David Lindsay-Abaire's screenplay, adapted from his own award-winning 2006 stage play of the same name, is mostly decent but weighed down by some cliché lines, such as "what do you want from me?" and "I can't do this any more!" Yet Kidman and Eckhart invest each moment with such raw intensity and emotional honesty that the film is never less than captivating, never more so than when the two share screen time. Likewise John Cameron Mitchell's direction is unpretentious and respects the ability of the actors to hold our attention without distracting camera tricks and rapid cutting (take note Danny Boyle). The director and his stars are helped by the fact that 'Rabbit Hole' as a dramatic piece refuses to take the same well-beaten path of other relationship dramas. They are also beneficiaries of a writer who has crafted well-rounded characters, both of whom we are able to empathise with even though they try to overcome grief and maintain their marriage in completely different ways - something which reminded me of 'Blue Valentine' even though that film is about a very different and more commonplace emotional turmoil.

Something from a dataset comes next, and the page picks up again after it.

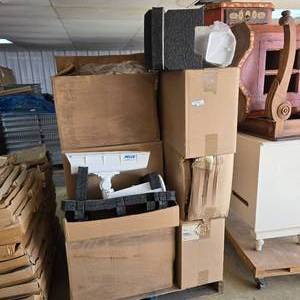 lot 173 image: Pallet of Pelco Security Camera Body Housings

'Rabbit Hole' differs from 'Blue Valentine' however when it comes to the film's resolution, which is as melancholic as one would expect, but far less despairing. There is a light at the end of the tunnel in shared grief, but the suggestion is not that there is any quick fix to the emotional damage we have witnessed. The characters don't do anything silly either; they don't get involved in any irritating misunderstandings - any "baby, it's not what it looks like" moments. The film also differs from a lot of American tales about grief in that it doesn't bend over backwards to placate the religious in the audience. Kidman's character is critical of those in a child death support group who insist that the death of their child is "part of God's plan". She laughs at the suggestion openly and it turns her against taking part. When she has an argument with her mother (Dianne Wiest) about disliking the use of religion as a coping mechanism, her mother comes back with all the familiar platitudes yet she isn't forced to back down and change her mind as the film takes an intriguing turn.

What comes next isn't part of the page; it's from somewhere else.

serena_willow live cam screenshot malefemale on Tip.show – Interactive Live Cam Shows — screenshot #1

The thing I liked best about 'Rabbit Hole' was the fact that Kidman's character doesn't have to go on a journey to "make peace with God" and find that "faith" is the answer to all life's trials and tribulations. The opposite is instead true: possibly for the first time in any film I've seen, science is mooted as a cause for optimism and as a means of comfort, specifically the quantum physics idea of parallel universes. You could argue that this is just another belief system and one requiring the same leap of faith as religious belief. Yet parallel universes are a widely accepted scientific possibility (based on measurable, testable data) and the fact is that this character pointedly finds hope in science rather than superstition. Eckhart's arc is similarly refreshing and pleasing if for entirely different, trend-bucking reasons. He is a rare mature, emotionally sensitive male character in American cinema who is not governed by his libido - even if his desire for sex is a contributing factor in the worsening of relations with his wife.
The film's one grating, uncomfortable moment falls to Dianne Wiest who has to deliver a monologue to her daughter about her own journey in dealing with the loss of a son. When asked if the hurt ever goes away, Wiest says that it becomes bearable but that it turns into something you "carry around like a brick in your pocket. And you... you even forget it, for a while. But then you reach in for whatever reason and - there it is." This moment is just a little florid and stagy when compared with the rest of the film and it doesn't strike me as being very true to the way people actually talk: does anyone really ever come up with overwrought, bafflingly counterintuitive metaphors like that in real life? Who puts a brick in their pocket anyway? Can you even fit a brick in a pocket? Why can't you just take the brick out of the pocket? It's just a rubbish way of explaining and simplifying grief.
But the script only finds itself lacking in a few isolated moments. Most of the film is solidly crafted and the performances are gripping. I shed more than one tear - and at little moments too, such as when Kidman throws her son's clothes in a charity bin, pausing for a moment afterwards as if to contemplate the fact that she can't get them back out again. The film is at it's most emotional when it isn't trying to hard. In the latter case it can feel manipulative. It is true that the supporting characters are thinly drawn props only there to provide added emotional complication to our leads, such as Kidman's irresponsible younger sister (Tammy Blanchard) who falls pregnant and the couples's best friends who have failed to keep in contact out of awkwardness, but these characters do the job and provide a necessary foil for our protagonists. It's all about Kidman and Eckhart and they elevate an interesting, diverting drama into an outside Oscar hopeful.
'Rabbit Hole' is rated '12A' by the BBFC and is out on Friday the 4th of February.